Toyota eventually captured that same crowd in a positive way, however, via a branded channel on Twitter’s TweetMeme. That service aggregated and organized Twitter conversations about Toyota.
BP, which is responsible and liable for the oil cleanup, has hired Brunswick Group, a crisis management public relations company, to get out its message.
“We’re really focused on the response and what’s going on,” BP’s executive vice president and top lobbyist David Nagel said Monday.
An early P.R. gaffe came when BP officials tried to get fishermen to sign waivers holding the company harmless from certain cleanup claims, paying them $5,000.
“We’ve assured fishermen’s associations that fishermen offering services are not required to sign a waiver. Any signed won’t be enforced,” the tweet said.
This, though, hasn’t been enough for Harlan Loeb, the U.S. director of crisis and issues management at public relations firm Edelman, which has 52 offices worldwide.
“This kind of event should clearly have been contemplated in their crisis simulations,” Loeb told Advertising Age magazine. “BP is an enormous actor in offshore drilling and exploration and the fact that this kind of event took place, while tragic and horrible, should not leave BP looking totally unprepared.”

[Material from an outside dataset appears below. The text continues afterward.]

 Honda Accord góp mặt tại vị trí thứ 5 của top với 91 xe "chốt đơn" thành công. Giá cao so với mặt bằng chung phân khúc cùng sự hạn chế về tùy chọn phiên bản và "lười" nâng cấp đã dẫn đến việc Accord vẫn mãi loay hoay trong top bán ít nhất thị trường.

In 2000, BP launched a “Beyond Petroleum” campaign, its mission statement for the future.
It was lauded by the P.R. industry but mocked by environmentalists who called it “greenwashing.”
Now, in the midst of this disaster, BP is using new ways to deliver its message.
Whatever the way, Wragg said, the company must make certain it communicates good information to quickly assure the public it knows it can get the job done.
“That can make or break your company,” he said.